En plus des espaces de vie, qui occuperont plus de 40 %, on retrouvera notamment des unités de soins spécialisés sur les trois premiers étages, une grande salle à manger au quatrième étage, des salons et des balcons communautaires sur chaque étage ainsi qu'une terrasse sur le toit avec un jardin communautaire.

Une promenade avec vue sur la cour intérieure donnant sur des espaces de services dont une pharmacie, un salon de coiffure et des services médicaux sera aménagée au premier étage. La nouvelle construction comptera également une bibliothèque, une salle de conditionnement physique, un endroit destiné aux réceptions ainsi qu'une salle de cinéma. Une suite destinée aux invités des résidents sera également aménagée.

Le promoteur derrière ce projet, Guy Dion, soutient que la décision des trois communautés religieuses de lui faire confiance afin de leur fournir un nouveau milieu de vie a été l'élément déclencheur qui l'a poussé à aller de l'avant. Fait à noter, les religieuses vont partager leur nouvelle demeure avec des résidents laïcs.

«C'est un grand honneur d'avoir été choisi parmi plusieurs autres [promoteurs]. C'est un genre de cadeau du ciel! Ça faisait plus de deux ans et demi que nous discutions avec elles», lance M. Dion.

Ce dernier précise qu'il ne lésinera pas sur les efforts afin d'offrir un endroit convenant parfaitement à ses nouvelles locataires. C'est d'ailleurs dans cette optique qu'il a confié le mandat de la conception à l'architecte Louis Morrissette, qui est reconnu comme étant un spécialiste des résidences pour personnes âgées. L'entrepreneur en construction qui a été choisi a également construit plusieurs édifices destinés aux aînés au cours des dernières années.

Cette résidence sera de plus la première à Trois-Rivières construite selon une nouvelle réglementation stricte concernant les habitations destinées aux personnes âgées.

«Ce sont les normes les plus élevées pour les résidences pour personnes âgées», poursuit Lise Villeneuve, directrice générale de la Résidence Sainte-Famille.

Un déménagement progressif

Selon l'échéancier prévu, les religieuses devraient emménager dans leur nouveau logis à compter de l'automne 2018. Les Ursulines quitteront toutes en même temps le couvent du Vieux Trois-Rivières que leur congrégation occupe depuis 320 ans, soit dès l'ouverture.

Vivant dans le même édifice que les Filles de Jésus depuis maintenant six ans, les Carmélites devraient elles aussi devenir des résidentes du secteur Cap-de-la-Madeleine à l'automne 2018. Les Filles de Jésus déménageront quant à elle progressivement du Kermaria selon les soins requis par leur état de santé. 

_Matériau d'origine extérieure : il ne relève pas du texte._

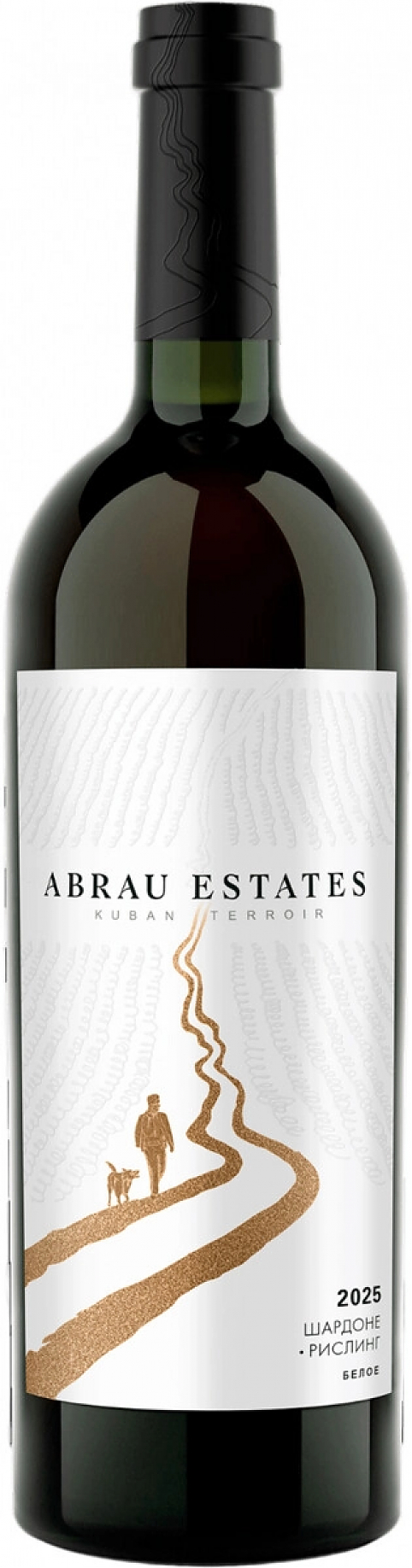 Вино Abrau-Durso, "Abrau Estates" White, 2025: Фото 1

«À l'ouverture, seulement les Filles de Jésus ayant besoin de soins et d'assistance seront accueillies», précise Mme Villeneuve.

En ce qui concerne l'avenir des bâtiments qu'occupent présentement les religieuses, les dirigeantes des congrégations ne sont pas en mesure de s'avancer pour l'instant. Chez les Filles de Jésus, la vice-provinciale, soeur Gisèle Lacerte, reconnaît que quelques projets ont été proposés ici et là, mais aucun d'entre eux n'a franchi le stade embryonnaire.

Du côté des Ursulines, il est beaucoup trop tôt pour se pencher sur l'avenir de l'édifice construit sur la rue nommée en leur honneur. Selon la supérieure générale, soeur Cécile Dionne, la priorité est présentement de bien préparer les soeurs à cet important changement et d'encadrer les employés qui perdront leur emploi. 

Rappelons que le couvent des Ursulines aurait besoin de rénovations importantes afin de pouvoir continuer à servir de résidence aux religieuses. C'est d'ailleurs un peu pour cette raison que les Ursulines seront relocalisées toutes en même temps dès que la construction de l'agrandissement de la Résidence Sainte-Famille sera complétée.

«Le couvent est encore en très bon état, mais pour répondre aux normes pour des personnes qui ont besoin de soins médicaux, ça aurait coûté cher. [...] Il aurait fallu déménager nos soeurs pendant les travaux et les ramener après. Nous étions devant des réalités qui nous ont amenées à prendre cette décision», explique soeur Dionne.